Thorax. 2023 Sep;78(9):933-941. doi: 10.1136/thorax-2022-219574. Epub 2023 Jan 30.
RATIONALE/OBJECTIVES: Despite plausible pathophysiological mechanisms, more research is needed to confirm the relationship between obstructive sleep apnoea (OSA) and the risk of COVID-19 infection or COVID-19-related serious complications.
We conducted a retrospective population-based cohort study using provincial health administrative data (Ontario, Canada). Adults with physician-diagnosed OSA who received positive airway pressure therapy in the 5 years prepandemic () were propensity score matched by baseline characteristics to individuals in the general population at low risk of OSA () using inverse probability of treatment weighting. Weighted HRs of (1) a positive COVID-19 test and (2) COVID-19-related emergency department (ED) visits, hospitalisations, intensive care unit (ICU) admissions and mortality, within 12 months of pandemic onset, were compared between groups. We also evaluated the impact of comorbid cardiometabolic or chronic airways disease.

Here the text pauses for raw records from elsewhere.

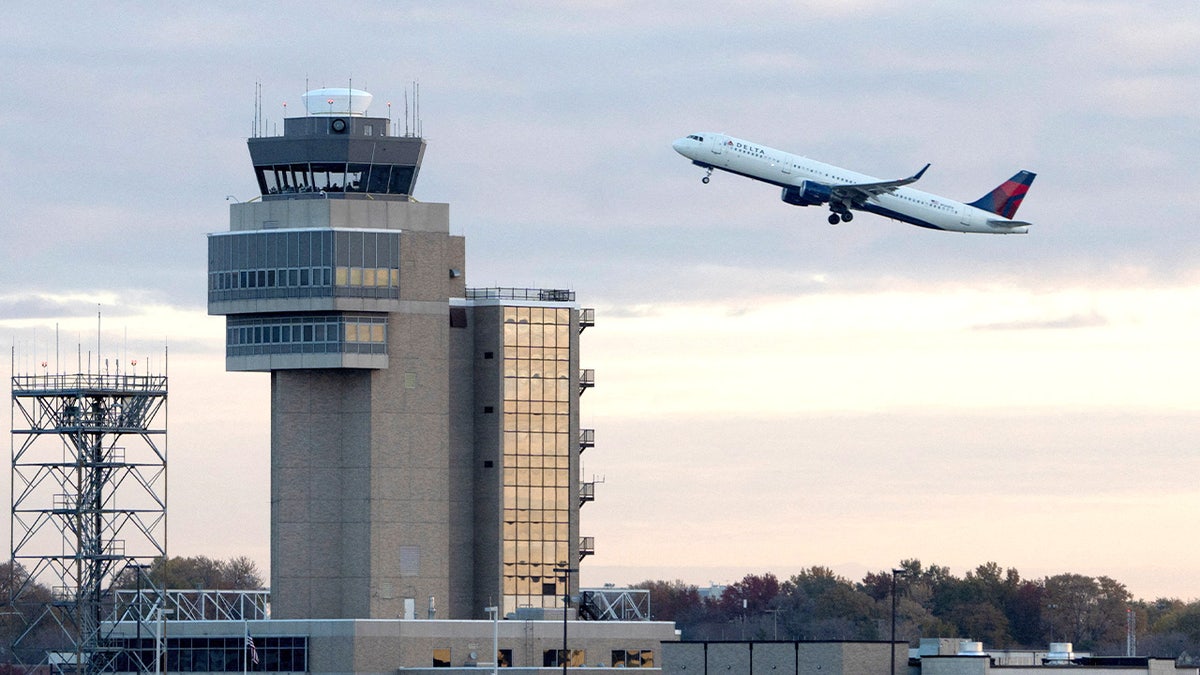 A Delta Air Lines plane taking off with air traffic control tower in background at Minneapolis–Saint Paul International Airport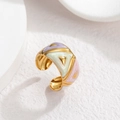 Macro shot of colorful enamel irregular striped gold open ring on white geometric background - Purple Green Pink Collage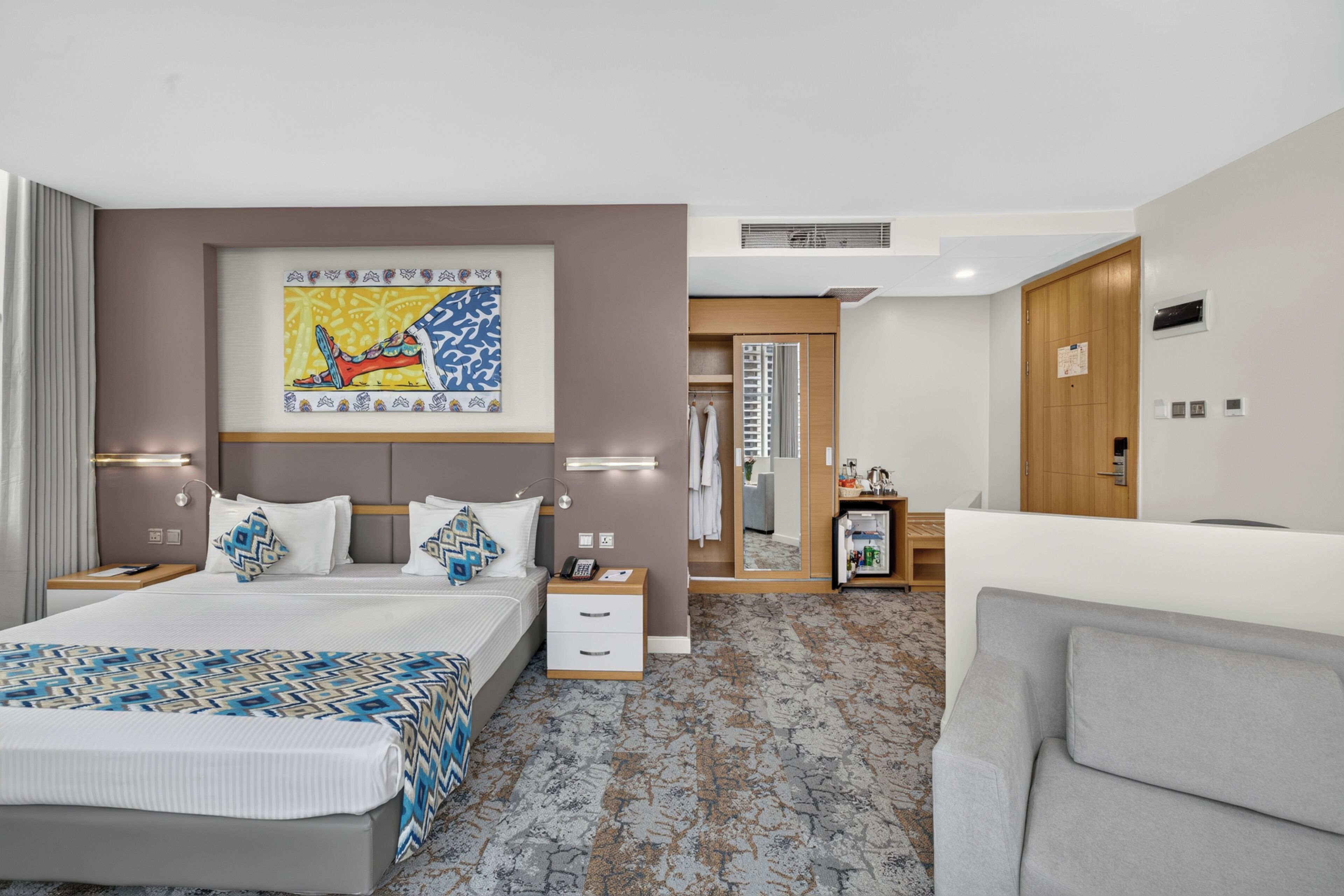 Une chambre d’hôtel comprenant un lit, des tables de chevet, un canapé, une salle de bain avec un miroir et une armoire.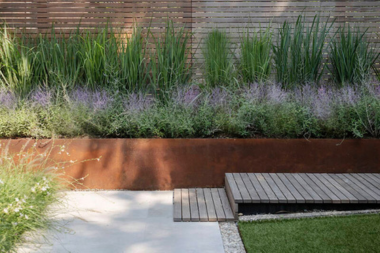 top pathway and walkway ideas for your michigan outdoor living space wood plank bridge path next to retaining wall custom built okemos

We identified and matched 324 029 individuals in the OSA group to 4 588 200 individuals in the non-OSA group. Compared with the non-OSA group, those in the OSA group were at a greater hazard of testing positive for COVID-19 (HR=1.17, 95% CI 1.13 to 1.21), having a COVID-19-related ED visit (HR=1.62, 95% CI 1.51 to 1.73), hospitalisation (HR=1.50, 95% CI 1.37 to 1.65) or ICU admission (HR=1.53, 95% CI 1.27 to 1.84). COVID-19-related 30-day mortality was not different (HR=0.98, 95% CI 0.82 to 1.16).We found that for the OSA group, comorbid airways disease but not cardiometabolic conditions increased the hazards of COVID-19-related outcomes, including mortality.

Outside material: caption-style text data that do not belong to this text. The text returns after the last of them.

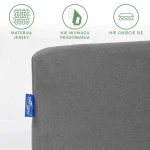 Prześcieradło jersey z gumką 200x220 w kolorze szarym, z widocznym logo, złożone w prostokąt. Tkanina nie wymaga prasowania i nie gniecie się, umieszczone na jasnym tle. Tekstura materiału miękka i gładka.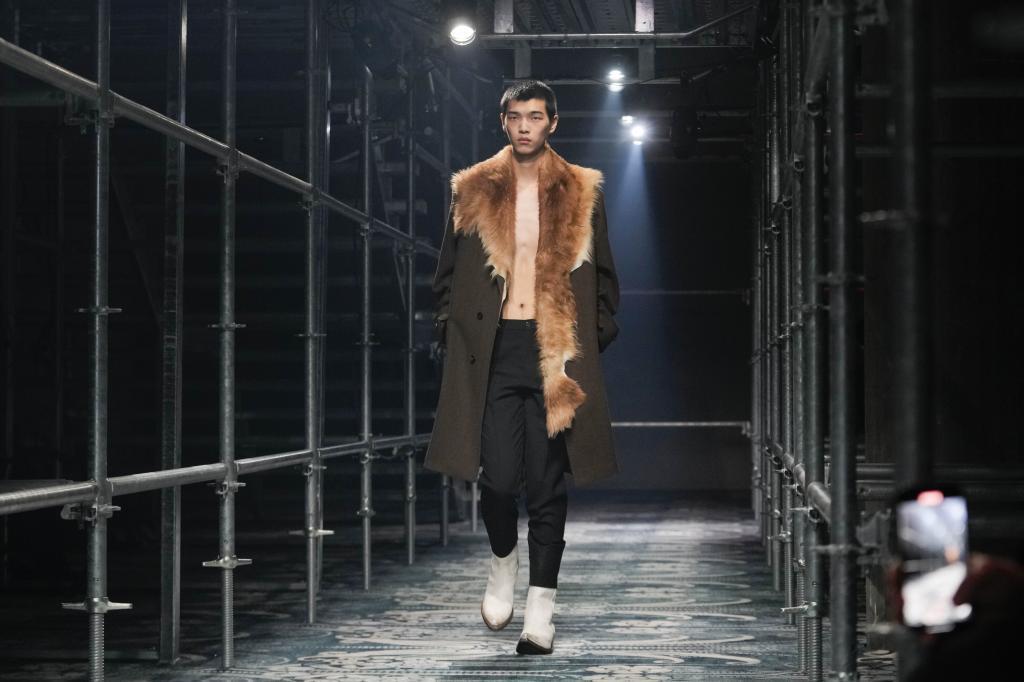 A model wears a creation part of the men's Prada Fall-Winter 2025-2026 collection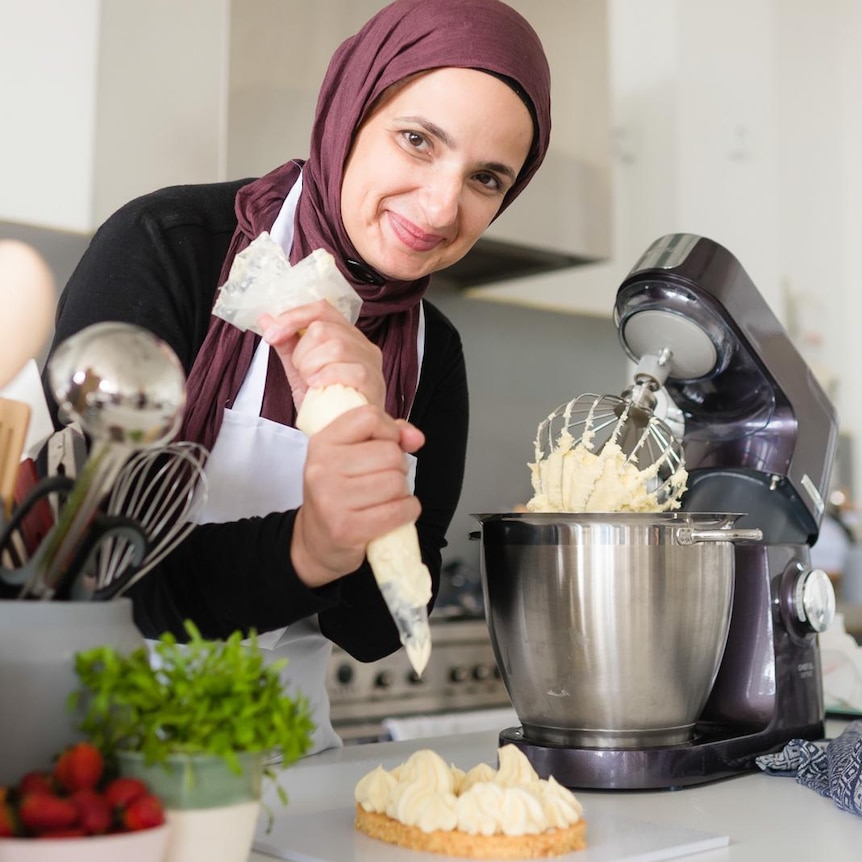 Fatimah pipes cream onto her baking in a kitchen.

In this large population-based study, we demonstrated that a recent diagnosis of OSA requiring treatment was associated with an increased hazard of testing positive for COVID-19 and serious COVID-19-related complications, particularly in those with co-existing chronic airways disease.

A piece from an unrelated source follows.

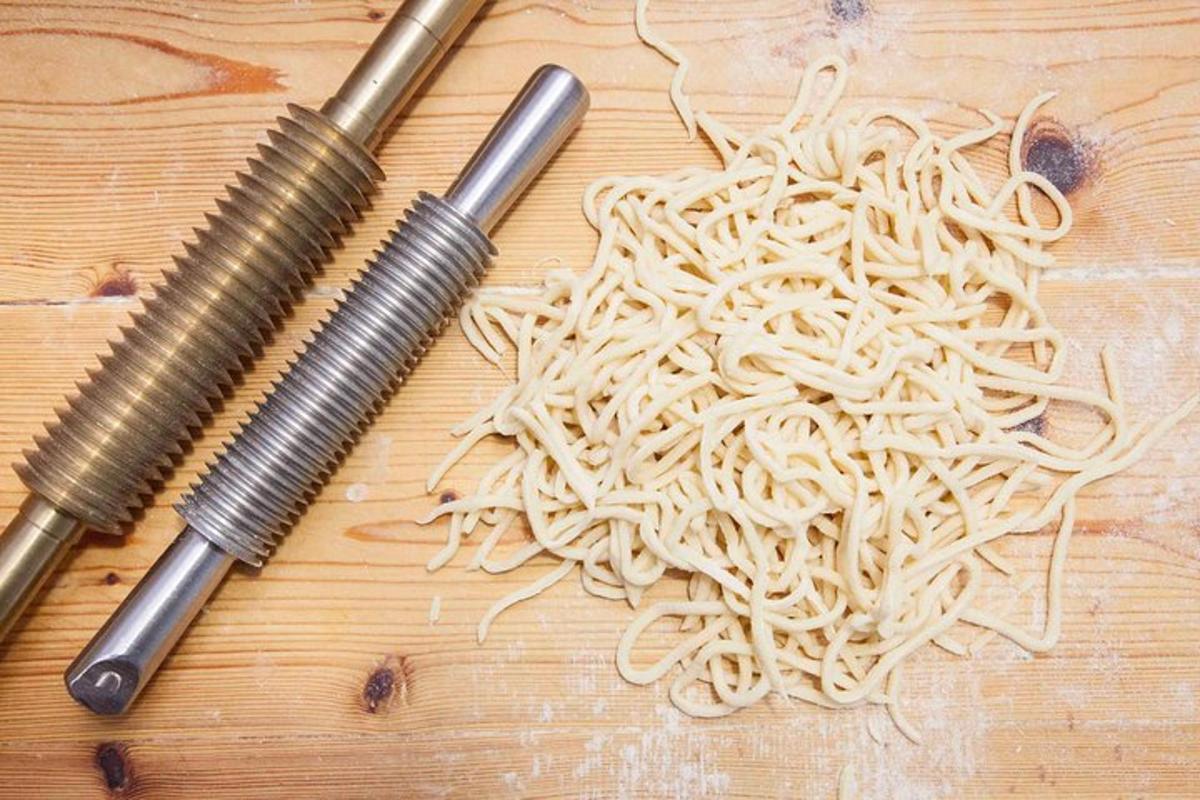 a pile of noodles on a wooden table with two knives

背景/目的:尽管有合理的病理生理学机制,但仍需要更多研究来证实阻塞性睡眠呼吸暂停(OSA)与 COVID-19 感染风险或 COVID-19 相关严重并发症之间的关系。
我们使用省级卫生行政数据(加拿大安大略省)进行了一项回顾性基于人群的队列研究。在大流行前 5 年()接受过正压通气治疗的经医生诊断患有 OSA 的成年人,根据基线特征,使用逆概率治疗加权法(inverse probability of treatment weighting)与 OSA 风险较低的一般人群()中的个体进行倾向评分匹配。在大流行开始后的 12 个月内,比较两组之间(1)COVID-19 检测阳性和(2)COVID-19 相关急诊就诊、住院、重症监护病房(ICU)入院和死亡的加权 HR。我们还评估了合并心血管代谢或慢性气道疾病的影响。
我们在 OSA 组中识别并匹配了 324029 人,在非 OSA 组中匹配了 4588200 人。与非 OSA 组相比,OSA 组 COVID-19 检测阳性的风险更高(HR=1.17,95%CI 1.13 至 1.21),COVID-19 相关急诊就诊(HR=1.62,95%CI 1.51 至 1.73)、住院(HR=1.50,95%CI 1.37 至 1.65)或 ICU 入院(HR=1.53,95%CI 1.27 至 1.84)的风险也更高。COVID-19 相关 30 天死亡率没有差异(HR=0.98,95%CI 0.82 至 1.16)。我们发现,对于 OSA 组,合并气道疾病而不是心血管代谢疾病会增加 COVID-19 相关结局(包括死亡率)的风险。
在这项大型基于人群的研究中,我们表明,最近诊断为需要治疗的 OSA 与 COVID-19 检测阳性和严重 COVID-19 相关并发症的风险增加有关,特别是在合并慢性气道疾病的患者中。